> **Problem description**: Beginning with the first line below, retype exactly each line through the one containing "Feuerwerk über dem". Leave out all pictures.

-- Listed records follows --

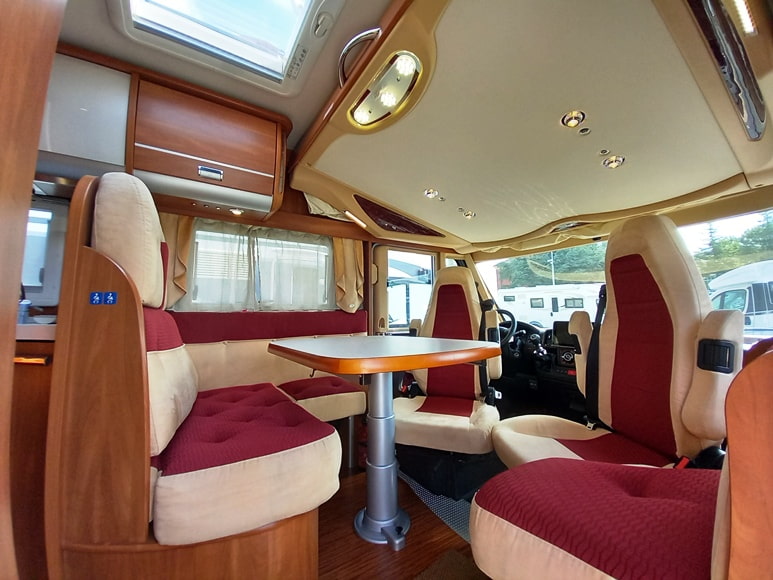 laika-kreos-6010-motorhome-garage-doppiopavimento-alko-barberacaravan-castelboglione-at-7
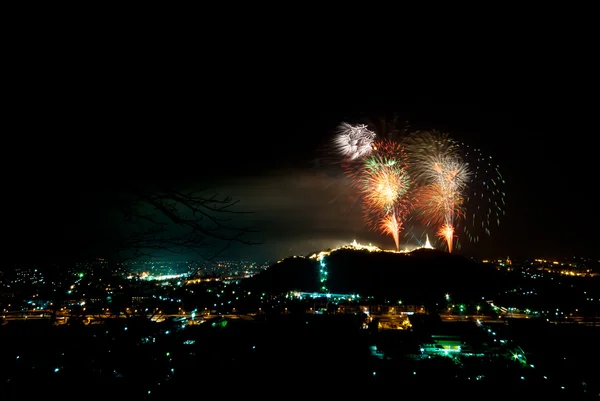 Feuerwerk über dem thailändischen Tempel auf dem Hügel — Stockfoto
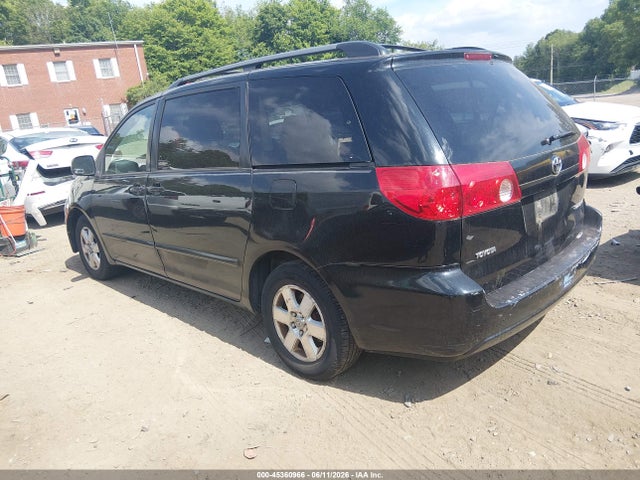2010 Toyota Sienna Le მანქანა იყიდება აუქციონზე, vin: 5TDKK4CC3AS330942, აუქციონის ნომერი: 45360966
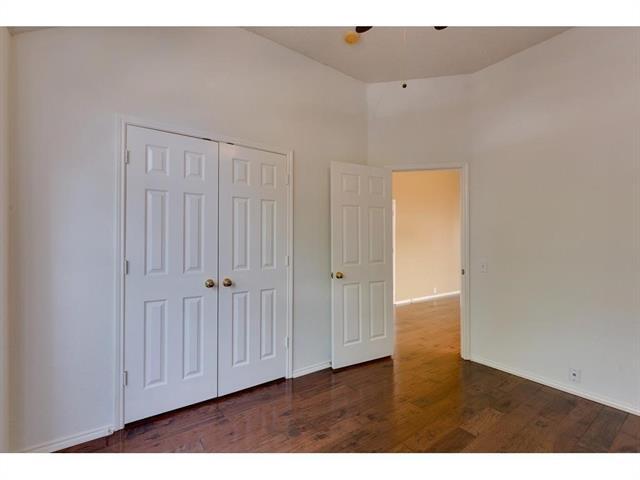 Foto del edificio - 4736 Parkmount Dr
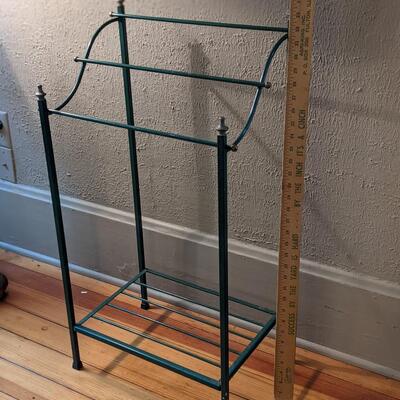 Very Nice Metal Towel Rack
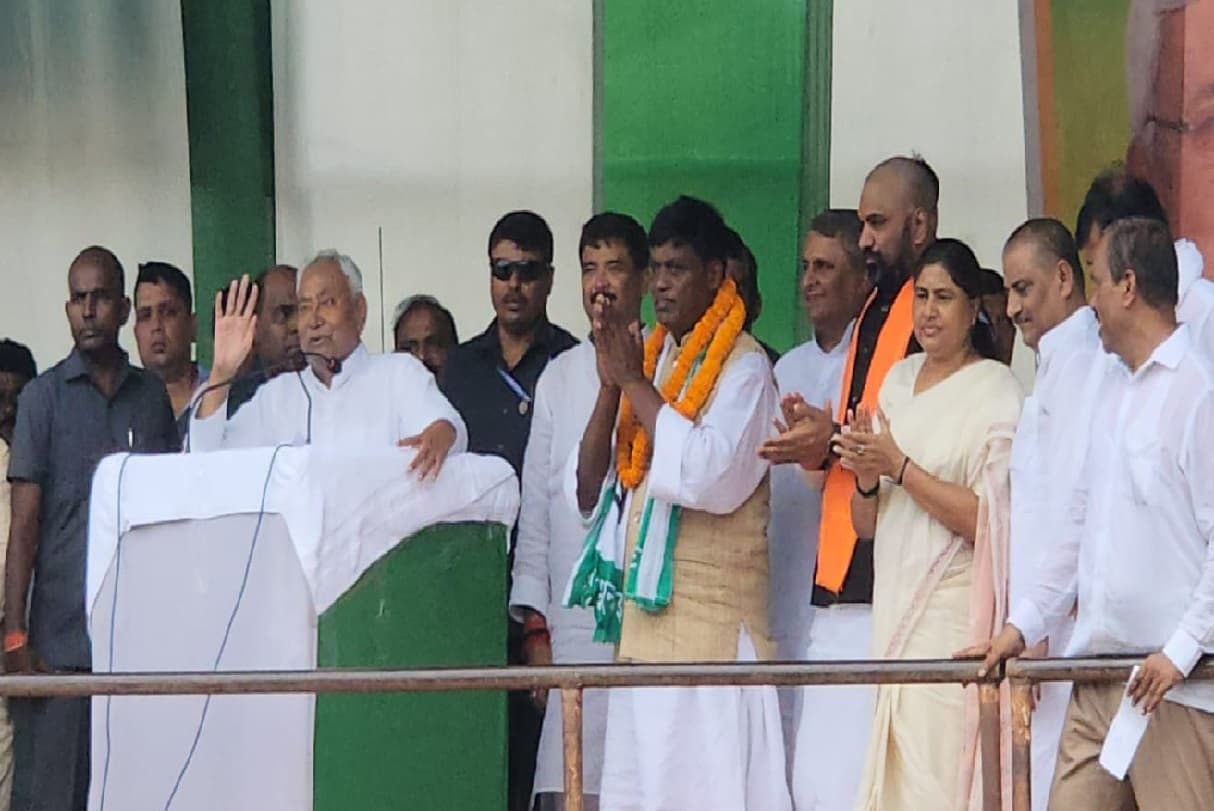 पांच साल में 10 लाख नौकरी का वायदा, पर दे रहे 12.33 लाख, रूपौली में बोले सीएम नीतीश कुमार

-- Listed records concluded --

> **Response to this task**:
 laika-kreos-6010-motorhome-garage-doppiopavimento-alko-barberacaravan-castelboglione-at-7
 Feuerwerk über dem thailändischen Tempel auf dem Hügel — Stockfoto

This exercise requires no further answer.